Close, but not quite. You cannot derive the edgeR log-CPMs from the naively computed CPM, because the library size is increased by twice the scaled prior count (see ?addPriorCount for more details).

I had the same question, and I didn't find the the math definition of cpm function in edgeR. According to the details of the function, "If log-values are computed, then a small count, given by prior.count but scaled to be proportional to the library size, is added to y to avoid taking the log of zero." So I tried many possibilities and finally got something maybe right. The codes and detail are showed below.

I used TMM for normalization, while you can ignore that and keep normalization factors (x$samples$norm.factors) = 1. I keep that for answering the problem a little more generally.
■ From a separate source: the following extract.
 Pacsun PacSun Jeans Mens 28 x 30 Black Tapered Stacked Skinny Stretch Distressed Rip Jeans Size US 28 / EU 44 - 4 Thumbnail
> x = calcNormFactors(x, method='TMM') # Just skip this line if don't need to normalization by TMM

Calculate the cpm with two different parameters.

> prior.count = 1
> cpm_with_log2 = cpm(x, log=T, prior.count=prior.count)
> cpm_without_log2 = cpm(x, log=F)

Calculate the normalized library sizes.

> nlib = x$samples$lib.size * x$samples$norm.factors

So the cpm_without_log2 is same as

> cpm_without_log2_by_hand = t( t(x$counts) / nlib * 1e6 )
> cpm_without_log2[1:5, 1:5]; cpm_without_log2_by_hand[1:5, 1:5] # Take a look and compare

And I found that the cpm_with_log2 can be calculated from

> prior.count.scaled = prior.count * length(nlib) * nlib / sum(nlib)
> cpm_with_log2_by_hand = t(log2( (t(tempData$counts)+prior.count.scaled) / (nlib +  2*prior.count.scaled) * 1e+06 ))
> cpm_with_log2[1:5, 1:5]; cpm_with_log2_by_hand[1:5, 1:5] # Take a look and compare

By observing the different between cpm_without_log2_by_hand and cpm_with_log2_by_hand, we can transfer cpm_without_log2 to cpm_with_log2 by

> cpm_with_log2_two_step = t(log2( (t(cpm_without_log2/1e6) * nlib + prior.count.scaled) / (nlib+2*prior.count.scaled) *1e6 ))
> cpm_with_log2[1:5, 1:5]; cpm_with_log2_two_step [1:5, 1:5] # Take a look and compare

Notice that if you compare these two matrix with

> all( cpm_with_log2_two_step == cpm_with_log2 )

It must get FALSE. While I consider it as round-off error, because of the little bias:

> sum( abs(cpm_with_log2_two_step - cpm_with_log2 ))


While the calculation above is just my guess, so maybe it's wrong.

Perhaps the documentation for addPriorCount may be informative regarding the prior count addition strategy.